Forse nessuna influenza, nessuna dominazione straniera, nessun movimento culturale ha tanto segnato il modo di vivere, gli usi e i costumi dei popoli della Val d’Agri quanto la compenetrazione in questi luoghi dei monaci bizantini, abitualmente chiamati monaci basiliani (benché di fatto San Basilio non abbia mai fondato un proprio ordine religioso).
I monaci arrivarono in Basilicata al seguito di Belisario, il condottiero che l’imperatore Giustiniano aveva investito nel VI sec. d.C. del compito di riportare in auge la fede cristiana contro l’arianesimo dei barbari invasori.
È però dopo la calata dei Longobardi, dopo l’abbandono dei primi rifugi, dopo che si videro costretti a ritornare in quei luoghi per difendere loro stessi e ogni immagine sacra dalla furia iconoclasta degli invasori, che si avviò il fenomeno chiamato seconda ellenizzazione e che più influenzò la fusione di culture operata dai monaci in tutto il Sud Italia.
Il contributo dei basiliani
I basiliani fondarono una serie di comunità monastiche finalizzate alla preghiera e al lavoro, edificando dei centri di culto che irradiavano la propria influenza su tutte le zone circostanti.

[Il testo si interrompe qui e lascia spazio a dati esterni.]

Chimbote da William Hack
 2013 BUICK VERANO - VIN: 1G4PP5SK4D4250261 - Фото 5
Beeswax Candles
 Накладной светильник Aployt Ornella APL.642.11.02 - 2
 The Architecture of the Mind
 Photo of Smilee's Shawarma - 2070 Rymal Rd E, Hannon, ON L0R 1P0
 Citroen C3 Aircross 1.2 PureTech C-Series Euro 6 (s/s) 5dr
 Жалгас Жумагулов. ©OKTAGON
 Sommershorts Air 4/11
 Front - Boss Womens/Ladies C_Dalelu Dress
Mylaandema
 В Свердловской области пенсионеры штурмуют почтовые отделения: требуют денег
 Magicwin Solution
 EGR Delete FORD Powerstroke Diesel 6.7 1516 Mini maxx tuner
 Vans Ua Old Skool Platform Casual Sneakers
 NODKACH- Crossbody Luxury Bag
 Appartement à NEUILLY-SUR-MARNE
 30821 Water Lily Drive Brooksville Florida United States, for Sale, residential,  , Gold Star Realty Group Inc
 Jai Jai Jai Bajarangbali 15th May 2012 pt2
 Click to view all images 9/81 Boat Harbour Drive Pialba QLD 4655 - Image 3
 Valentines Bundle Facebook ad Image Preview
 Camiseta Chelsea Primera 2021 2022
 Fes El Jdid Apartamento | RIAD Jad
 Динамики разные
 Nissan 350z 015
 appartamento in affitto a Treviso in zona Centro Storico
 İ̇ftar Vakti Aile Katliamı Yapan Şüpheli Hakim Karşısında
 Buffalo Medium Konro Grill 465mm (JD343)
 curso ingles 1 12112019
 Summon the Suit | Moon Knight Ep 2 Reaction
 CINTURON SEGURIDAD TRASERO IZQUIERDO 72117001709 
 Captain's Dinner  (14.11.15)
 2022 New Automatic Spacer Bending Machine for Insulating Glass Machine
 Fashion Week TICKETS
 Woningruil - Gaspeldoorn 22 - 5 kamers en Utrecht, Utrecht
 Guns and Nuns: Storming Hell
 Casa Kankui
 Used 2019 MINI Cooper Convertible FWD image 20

Essi si integrarono perfettamente nel tessuto sociale delle genti che gli avevano dato albergo e cui essi offrirono il conforto dell’anima e la cura dei corpi, nonché l’insegnanento delle arti agricole (un esempio fra i molti, la tecnica del terrazzamento), e di quelle classiche più in generale: basti menzionare gli affreschi rupestri, tuttora ammirabili, che imbellivano le grotte in cui dimoravano, o gli strumenti musicali che avevano introdotto alle genti locali, tra cui il sambukè, una sorta di cetra che essi suonavano e si fabbricavano da soli, fatta di sambuco e interiora di animali, la cui naturale evoluzione sarebbe stata la famosa arpicella viggianese.
I basiliani e la Madonna Nera
L’affetto filiale per la Vergine è un’altra delle peculiarità che caratterizzarono i loro insegnamenti: essi stuzzicarono in qualche modo la religiosità popolare dei fedeli al punto di indurli a rischiare la vita per nascondere le sacre icone, come quella della Madonna Nera di Viggiano, interrandole o riponendole in grotte per proteggerle da distruzione certa da parte dei Longobardi o dei Saraceni.
I ritrovamenti di molte di queste reliquie sono accompagnati da storie miracolose: si narra che bagliori di luce ultraterrena indicassero l’ubicazione esatta del nascondiglio della sacra immagine della Madonna Nera ai pastori che la ritrovarono, e ciò contribuisce ancora oggi a conferire una tinta un po’ mitica (oltre che mistica) al ricordo dei basiliani.